I like her vision of aging as an “improvisational art form calling for imagination and willingness to learn.”  Some people are able to go back to something they always wanted to do, but for whatever reasons, didn’t do.  Some have developed new directions and even new businesses in their lives.  Some go in directions they never considered before, sometimes finding previously undiscovered talents and living happily ever after fulfilling these talents.  Some use their “extra” years to repair damaged personal relationships, while others seek new relationships.

I sometimes wonder why composers like to write so many variations on a theme, but I see comparisons with one person, for better or worse, continuing to live variations on themes in his/her own life.  A friend of mine insists that we psychologically re-play our lives over and over trying to make them come out the way we want.   Age brings with it ambiguity and shades of gray where black and white were so clear in our youthful years.  All of these can be exciting and empowering, or paralyzing when it comes to making big decisions and changes.

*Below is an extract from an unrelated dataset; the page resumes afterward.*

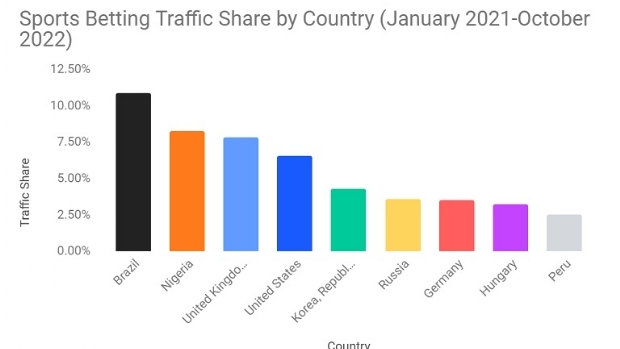 Brazil leads world's ranking of sports betting sites traffic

My passion for travel, exploring other cultures from the inside, and creating niches for myself in other countries kept my middle-aged years challenging and intense.  I was definitely into “doing.”  As time went on, I began to appreciate “being” more and more.  It’s harder to qualify and quantify “being” compared to “doing,” but there is a quieter excitement and calmness about it.  Perhaps more “being” than “doing” coincides with the aging process and waning energy.  But it has also led me to wonderful experiences like meditation, yoga, and just sitting and looking.  Although I periodically still get restless to “go,” letting my mind wander while my body stays in one place has actually allowed me to go places I’ve never been before.  As my physical world shrinks, my mental world is expanding.

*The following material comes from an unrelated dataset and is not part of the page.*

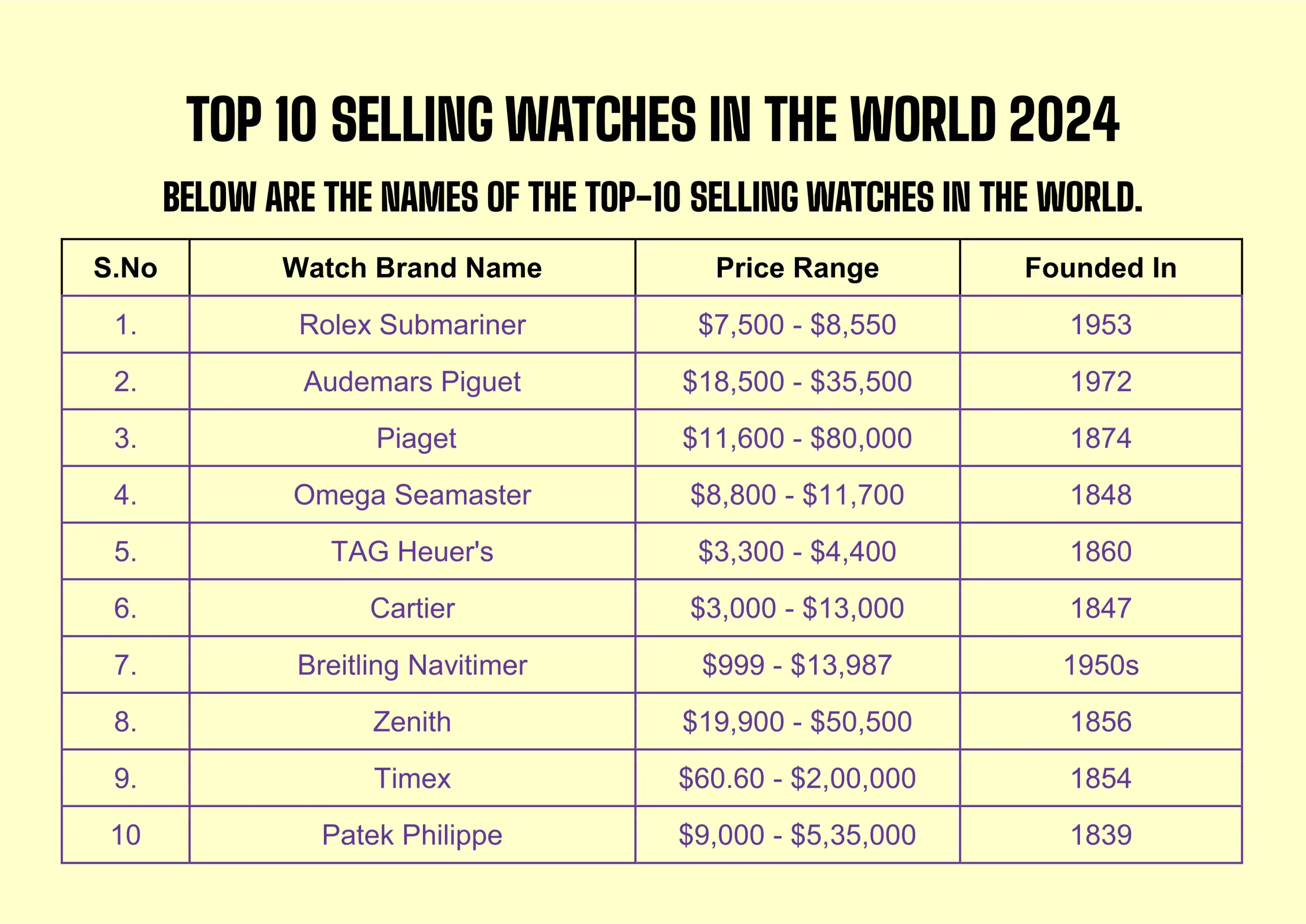 Top 10 Selling Watches In The World 2024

Sometimes it’s easier to be sure of things I don’t want.  I’m very sure I don’t want to spend time worrying over my money and my health.  I don’t want to be sick, so I know I need to continue vigorously exercising.  “If you don’t use it, you lose it” has become my mantra.  Of course, there are some things I wish I could have been (a dancer) or done (more hiking and backpacking), that are only possible in a limited way now.

From what I’ve observed, the happiest old people I know are those who find great joy in actively expressing their own level of creativity, wherever that direction leads them.  The people I admire most are those who understand and feel their human connection to wildness and nature on a deeper level than modern day human society encourages.  These are two worthy goals to add to my future years.